UNITED STATES of America, Plaintiff-Appellee, v. Jerry STRONG, Defendant-Appellant.

No. 95-30113.

    Decided: March 26, 1996

Before D.W. NELSON, JOHN T. NOONAN, Jr., Circuit Judges, and TANNER, District Judge.** Gregory A. Jackson, Jackson & Rice, Helena, Montana, for defendant-appellant. Kris A. McLean, Assistant United States Attorney, Helena, Montana, for plaintiff-appellee.

Jerry Strong appeals his conviction for violating 36 C.F.R. § 261.10(c), which prohibits commercial activity on National Forest lands without special use authorization.   He contends that there was insufficient evidence to support this conviction.   We agree, and we therefore reverse.

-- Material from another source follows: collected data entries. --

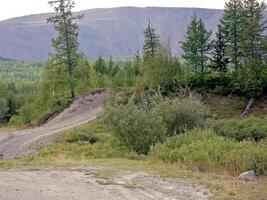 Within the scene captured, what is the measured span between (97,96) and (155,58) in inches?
337

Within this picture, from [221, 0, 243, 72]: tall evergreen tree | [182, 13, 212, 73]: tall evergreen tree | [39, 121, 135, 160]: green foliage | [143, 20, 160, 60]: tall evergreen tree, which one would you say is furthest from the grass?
[143, 20, 160, 60]: tall evergreen tree

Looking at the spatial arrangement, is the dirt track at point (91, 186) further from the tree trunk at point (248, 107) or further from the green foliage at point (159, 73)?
the green foliage at point (159, 73)

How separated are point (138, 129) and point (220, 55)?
114 feet

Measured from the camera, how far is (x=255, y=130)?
121ft

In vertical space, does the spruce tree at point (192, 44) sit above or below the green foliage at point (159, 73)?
above

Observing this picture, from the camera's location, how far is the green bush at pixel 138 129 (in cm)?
2997

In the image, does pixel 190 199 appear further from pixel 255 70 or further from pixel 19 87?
pixel 19 87

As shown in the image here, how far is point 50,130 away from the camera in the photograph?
1877 inches

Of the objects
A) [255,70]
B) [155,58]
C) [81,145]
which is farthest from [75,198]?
[155,58]

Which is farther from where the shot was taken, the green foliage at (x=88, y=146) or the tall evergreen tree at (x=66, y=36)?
the tall evergreen tree at (x=66, y=36)

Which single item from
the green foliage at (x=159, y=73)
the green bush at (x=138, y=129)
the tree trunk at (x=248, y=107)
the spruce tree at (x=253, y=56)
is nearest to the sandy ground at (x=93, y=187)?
the green bush at (x=138, y=129)

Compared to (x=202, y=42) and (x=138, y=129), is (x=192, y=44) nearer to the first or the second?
(x=202, y=42)

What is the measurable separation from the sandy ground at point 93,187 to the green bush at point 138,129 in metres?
10.7

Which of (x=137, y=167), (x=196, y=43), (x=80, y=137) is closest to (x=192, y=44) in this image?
(x=196, y=43) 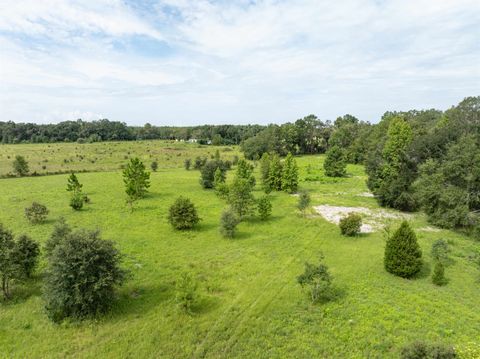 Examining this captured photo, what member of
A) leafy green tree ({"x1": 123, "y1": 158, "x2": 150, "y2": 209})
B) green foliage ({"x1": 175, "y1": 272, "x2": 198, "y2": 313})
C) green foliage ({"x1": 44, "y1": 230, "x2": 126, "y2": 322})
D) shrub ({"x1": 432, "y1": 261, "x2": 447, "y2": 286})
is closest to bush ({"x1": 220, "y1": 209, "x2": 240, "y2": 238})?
green foliage ({"x1": 175, "y1": 272, "x2": 198, "y2": 313})

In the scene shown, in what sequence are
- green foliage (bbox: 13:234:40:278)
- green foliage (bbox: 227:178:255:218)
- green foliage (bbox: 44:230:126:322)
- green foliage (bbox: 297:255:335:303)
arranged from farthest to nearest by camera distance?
green foliage (bbox: 227:178:255:218), green foliage (bbox: 13:234:40:278), green foliage (bbox: 297:255:335:303), green foliage (bbox: 44:230:126:322)

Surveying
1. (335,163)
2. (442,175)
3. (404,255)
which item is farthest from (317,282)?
(335,163)

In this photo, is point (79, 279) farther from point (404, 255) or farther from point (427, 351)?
point (404, 255)

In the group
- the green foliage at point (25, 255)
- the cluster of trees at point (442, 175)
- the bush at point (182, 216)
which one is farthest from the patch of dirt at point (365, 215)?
the green foliage at point (25, 255)

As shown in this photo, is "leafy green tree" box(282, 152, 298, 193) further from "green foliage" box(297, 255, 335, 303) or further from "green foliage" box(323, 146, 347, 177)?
"green foliage" box(297, 255, 335, 303)

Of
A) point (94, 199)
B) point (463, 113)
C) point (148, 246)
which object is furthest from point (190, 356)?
point (463, 113) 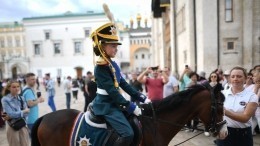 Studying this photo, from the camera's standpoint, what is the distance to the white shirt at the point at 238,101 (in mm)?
3598

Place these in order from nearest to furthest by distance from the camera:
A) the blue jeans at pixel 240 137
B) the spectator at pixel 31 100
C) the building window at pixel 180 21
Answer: the blue jeans at pixel 240 137
the spectator at pixel 31 100
the building window at pixel 180 21

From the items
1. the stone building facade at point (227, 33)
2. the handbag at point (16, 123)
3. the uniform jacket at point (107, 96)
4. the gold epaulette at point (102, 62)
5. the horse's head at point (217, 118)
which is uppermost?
the stone building facade at point (227, 33)

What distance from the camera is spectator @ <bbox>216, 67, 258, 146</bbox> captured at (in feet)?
11.5

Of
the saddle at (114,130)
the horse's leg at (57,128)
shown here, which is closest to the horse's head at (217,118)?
the saddle at (114,130)

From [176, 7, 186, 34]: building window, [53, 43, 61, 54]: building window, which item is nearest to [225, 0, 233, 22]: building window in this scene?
[176, 7, 186, 34]: building window

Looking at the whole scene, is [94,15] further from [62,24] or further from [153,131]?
[153,131]

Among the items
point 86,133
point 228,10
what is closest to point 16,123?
point 86,133

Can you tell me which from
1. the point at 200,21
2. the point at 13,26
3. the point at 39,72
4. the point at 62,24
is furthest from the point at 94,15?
the point at 200,21

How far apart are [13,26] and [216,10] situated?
73.1m

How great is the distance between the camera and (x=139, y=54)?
294 feet

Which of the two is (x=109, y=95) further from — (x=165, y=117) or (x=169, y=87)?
(x=169, y=87)

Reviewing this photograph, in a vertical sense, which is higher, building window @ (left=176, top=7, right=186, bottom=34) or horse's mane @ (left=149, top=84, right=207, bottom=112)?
building window @ (left=176, top=7, right=186, bottom=34)

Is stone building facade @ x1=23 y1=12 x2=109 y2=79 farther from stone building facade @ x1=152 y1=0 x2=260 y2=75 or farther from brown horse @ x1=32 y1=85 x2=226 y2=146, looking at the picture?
brown horse @ x1=32 y1=85 x2=226 y2=146

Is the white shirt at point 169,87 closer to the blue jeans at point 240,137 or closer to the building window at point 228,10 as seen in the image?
the blue jeans at point 240,137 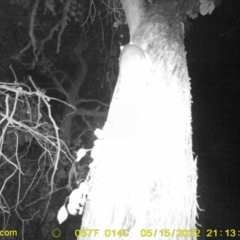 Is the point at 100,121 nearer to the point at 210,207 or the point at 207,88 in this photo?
the point at 207,88

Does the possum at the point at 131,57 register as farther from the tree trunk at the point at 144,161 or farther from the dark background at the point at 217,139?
the dark background at the point at 217,139

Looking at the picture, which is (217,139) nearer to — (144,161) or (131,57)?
(131,57)

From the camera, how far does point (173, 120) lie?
54.1 inches

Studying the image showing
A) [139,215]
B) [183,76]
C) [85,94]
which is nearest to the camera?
[139,215]

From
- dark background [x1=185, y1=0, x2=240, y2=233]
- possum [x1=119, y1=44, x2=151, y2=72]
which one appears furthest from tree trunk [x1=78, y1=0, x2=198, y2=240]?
dark background [x1=185, y1=0, x2=240, y2=233]

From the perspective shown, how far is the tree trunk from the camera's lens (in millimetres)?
1221

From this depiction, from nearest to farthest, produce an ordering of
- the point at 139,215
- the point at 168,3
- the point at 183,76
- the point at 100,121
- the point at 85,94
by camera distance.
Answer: the point at 139,215
the point at 183,76
the point at 168,3
the point at 100,121
the point at 85,94

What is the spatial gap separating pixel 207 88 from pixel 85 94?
494 cm

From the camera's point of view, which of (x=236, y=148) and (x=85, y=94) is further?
(x=236, y=148)

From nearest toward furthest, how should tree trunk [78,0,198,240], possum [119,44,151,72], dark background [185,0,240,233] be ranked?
tree trunk [78,0,198,240]
possum [119,44,151,72]
dark background [185,0,240,233]

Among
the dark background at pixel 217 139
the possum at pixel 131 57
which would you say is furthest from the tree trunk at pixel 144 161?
the dark background at pixel 217 139

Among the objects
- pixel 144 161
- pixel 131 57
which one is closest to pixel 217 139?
pixel 131 57

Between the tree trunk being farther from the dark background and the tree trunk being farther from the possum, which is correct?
the dark background

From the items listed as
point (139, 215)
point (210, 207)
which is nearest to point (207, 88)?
point (210, 207) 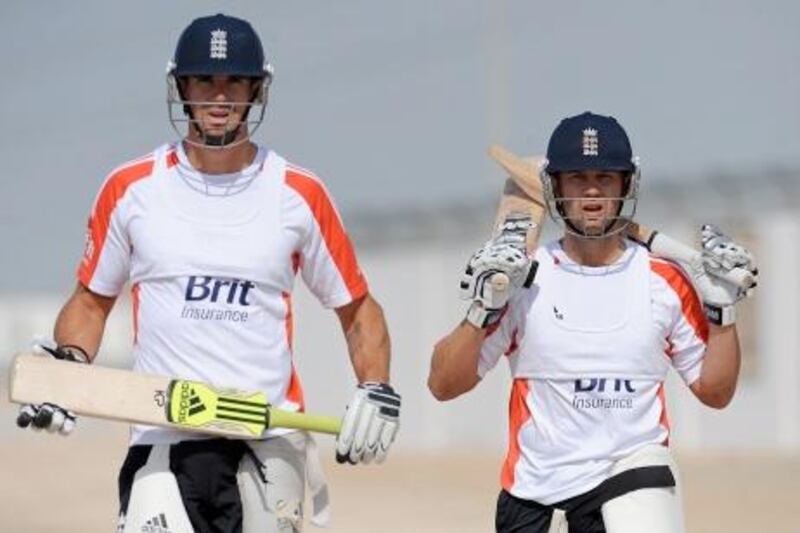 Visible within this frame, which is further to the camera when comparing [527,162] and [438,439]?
[438,439]

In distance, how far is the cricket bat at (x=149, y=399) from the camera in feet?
22.0

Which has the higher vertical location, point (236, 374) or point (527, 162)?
point (527, 162)

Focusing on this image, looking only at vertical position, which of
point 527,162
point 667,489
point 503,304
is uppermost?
point 527,162

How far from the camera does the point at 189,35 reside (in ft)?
Answer: 23.2

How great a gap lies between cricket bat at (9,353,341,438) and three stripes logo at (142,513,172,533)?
29 centimetres

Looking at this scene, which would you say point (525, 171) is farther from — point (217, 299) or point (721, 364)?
point (217, 299)

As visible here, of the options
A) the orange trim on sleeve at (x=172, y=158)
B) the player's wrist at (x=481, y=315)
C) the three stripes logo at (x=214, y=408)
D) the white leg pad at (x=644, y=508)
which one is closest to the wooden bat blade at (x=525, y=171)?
the player's wrist at (x=481, y=315)

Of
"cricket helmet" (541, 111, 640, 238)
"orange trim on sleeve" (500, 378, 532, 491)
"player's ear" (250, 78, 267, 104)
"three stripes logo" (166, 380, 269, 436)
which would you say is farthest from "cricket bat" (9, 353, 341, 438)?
→ "cricket helmet" (541, 111, 640, 238)

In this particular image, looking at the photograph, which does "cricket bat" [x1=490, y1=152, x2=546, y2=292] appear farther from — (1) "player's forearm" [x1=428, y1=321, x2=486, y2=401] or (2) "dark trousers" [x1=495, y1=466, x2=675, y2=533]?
(2) "dark trousers" [x1=495, y1=466, x2=675, y2=533]

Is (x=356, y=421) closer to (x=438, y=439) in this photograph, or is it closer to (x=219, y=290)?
(x=219, y=290)

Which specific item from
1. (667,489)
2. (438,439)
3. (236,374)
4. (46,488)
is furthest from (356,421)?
(438,439)

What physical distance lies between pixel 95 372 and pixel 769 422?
16962mm

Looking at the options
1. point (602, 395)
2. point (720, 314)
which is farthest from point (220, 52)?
point (720, 314)

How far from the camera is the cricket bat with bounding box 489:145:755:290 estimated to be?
6.98 metres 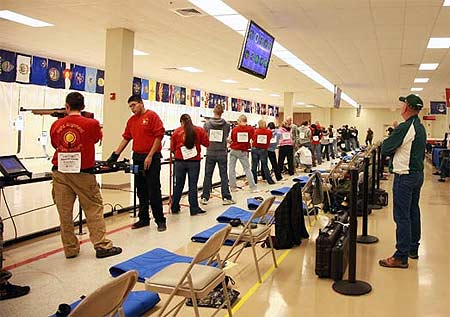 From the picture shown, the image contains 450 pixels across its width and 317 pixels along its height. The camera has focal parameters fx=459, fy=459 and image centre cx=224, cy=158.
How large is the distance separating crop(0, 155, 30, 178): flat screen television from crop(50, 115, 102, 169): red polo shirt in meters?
0.42

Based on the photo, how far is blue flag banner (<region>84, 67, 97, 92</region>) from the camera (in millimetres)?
14859

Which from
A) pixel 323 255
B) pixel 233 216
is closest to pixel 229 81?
pixel 233 216

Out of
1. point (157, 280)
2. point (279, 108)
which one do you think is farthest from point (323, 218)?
point (279, 108)

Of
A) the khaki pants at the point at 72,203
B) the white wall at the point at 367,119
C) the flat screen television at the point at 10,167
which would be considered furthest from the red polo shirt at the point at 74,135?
the white wall at the point at 367,119

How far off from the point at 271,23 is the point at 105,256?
5131 millimetres

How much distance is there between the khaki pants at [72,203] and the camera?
4.31m

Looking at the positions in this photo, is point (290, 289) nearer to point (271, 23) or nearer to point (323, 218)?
point (323, 218)

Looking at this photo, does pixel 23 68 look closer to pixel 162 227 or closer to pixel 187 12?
pixel 187 12

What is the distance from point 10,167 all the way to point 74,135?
0.80 m

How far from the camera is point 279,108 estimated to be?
111 ft

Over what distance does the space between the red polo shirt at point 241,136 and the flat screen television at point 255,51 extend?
1.44m

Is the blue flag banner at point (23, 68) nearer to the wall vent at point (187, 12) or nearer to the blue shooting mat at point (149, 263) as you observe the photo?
the wall vent at point (187, 12)

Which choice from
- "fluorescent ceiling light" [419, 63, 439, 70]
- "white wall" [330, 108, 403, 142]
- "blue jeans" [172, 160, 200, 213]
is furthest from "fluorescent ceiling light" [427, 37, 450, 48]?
"white wall" [330, 108, 403, 142]

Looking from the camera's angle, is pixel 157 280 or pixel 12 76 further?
pixel 12 76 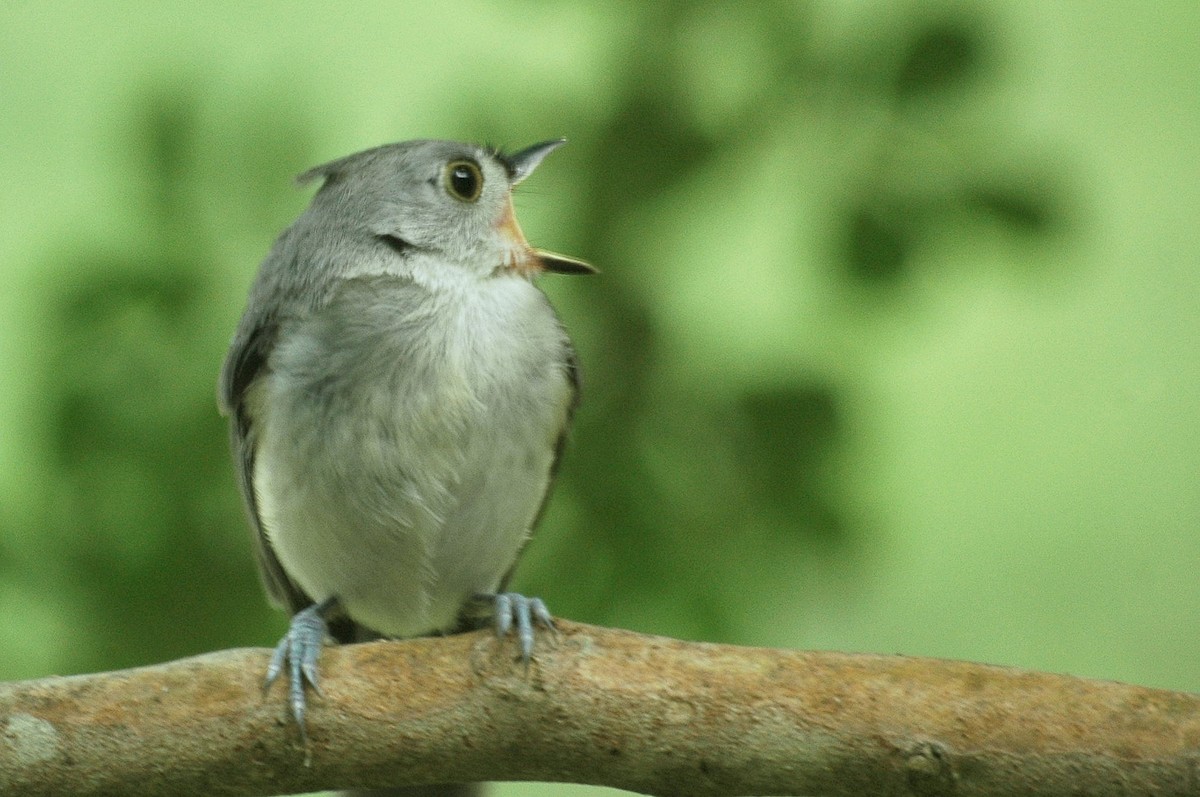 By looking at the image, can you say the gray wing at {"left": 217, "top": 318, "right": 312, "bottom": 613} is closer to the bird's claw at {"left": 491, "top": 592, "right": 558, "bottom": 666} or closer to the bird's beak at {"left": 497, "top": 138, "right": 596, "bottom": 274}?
the bird's beak at {"left": 497, "top": 138, "right": 596, "bottom": 274}

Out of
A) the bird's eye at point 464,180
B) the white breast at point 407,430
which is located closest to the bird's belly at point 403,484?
the white breast at point 407,430

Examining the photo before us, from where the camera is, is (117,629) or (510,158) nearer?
(510,158)

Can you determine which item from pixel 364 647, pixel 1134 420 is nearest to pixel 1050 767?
pixel 364 647

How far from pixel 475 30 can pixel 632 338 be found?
3.55ft

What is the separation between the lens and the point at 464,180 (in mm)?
2150

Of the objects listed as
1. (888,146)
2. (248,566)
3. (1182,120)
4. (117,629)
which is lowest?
(117,629)

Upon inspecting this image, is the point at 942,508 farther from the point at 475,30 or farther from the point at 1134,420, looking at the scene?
the point at 475,30

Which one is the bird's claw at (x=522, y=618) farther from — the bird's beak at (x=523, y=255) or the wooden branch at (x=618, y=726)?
the bird's beak at (x=523, y=255)

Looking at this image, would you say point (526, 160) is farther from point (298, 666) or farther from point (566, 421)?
point (298, 666)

I. FACTS AND PROCEEDINGS BELOW

Strong is a licensed outfitter and holder of a United States Forest Use Permit.   In January, 1992, Strong contracted with three hunters from Virginia, Blevins, Poe and Snavely (the “Virginians”), to outfit and guide them on a hunt which was to take place in the Bob Marshall Wilderness during two weeks in September, 1992.   Strong made the arrangements with Blevins, who was a long-time friend.   Because Montana law required the Virginians to make a deposit to be eligible for special hunting licenses available to out-of-state hunters sponsored by a Montana-licensed outfitter, Strong accepted Blevins' offer of a horse in lieu of cash.   On February 8, 1992, Blevins signed a bill of sale to Strong for the horse, and Strong eventually took delivery in the spring of 1993.   Around mid-March, 1992, Strong procured the licenses from the Montana Department of Fish, Wildlife and Parks (“MDFWP”);  the licenses were “out of state big game combination” licenses which indicated that the hunters were “outfitter-sponsored.”

While at the time of this booking the Virginians intended their guided hunt to be in the Bob Marshall Wilderness, scheduling conflicts required them to abandon this plan.   The Virginians rescheduled their outfitted/guided hunt to take place on the Missouri River Breaks (“MRB”) for only one week during the second week of the general hunting season.   They decided, however, to come to Montana a week before their scheduled hunt on the MRB to hunt on their own.   Blevins thus asked Strong if he would assist them by indicating where he personally hunted and fished, and Strong agreed to do so.   Strong and the Virginians finalized their plans in June, 1992.

The Virginians arrived in Montana around October 20, 1992.   They brought their own vehicle, equipment, and enough supplies to last them through the first week.   Strong took them sight-seeing, drove them to places in the Helena National Forest (“HNF”) where they might find game, reviewed maps with them, helped them obtain permission to cross private land to gain access to public land, allowed them to hunt on property which he leased, and introduced them to his friends.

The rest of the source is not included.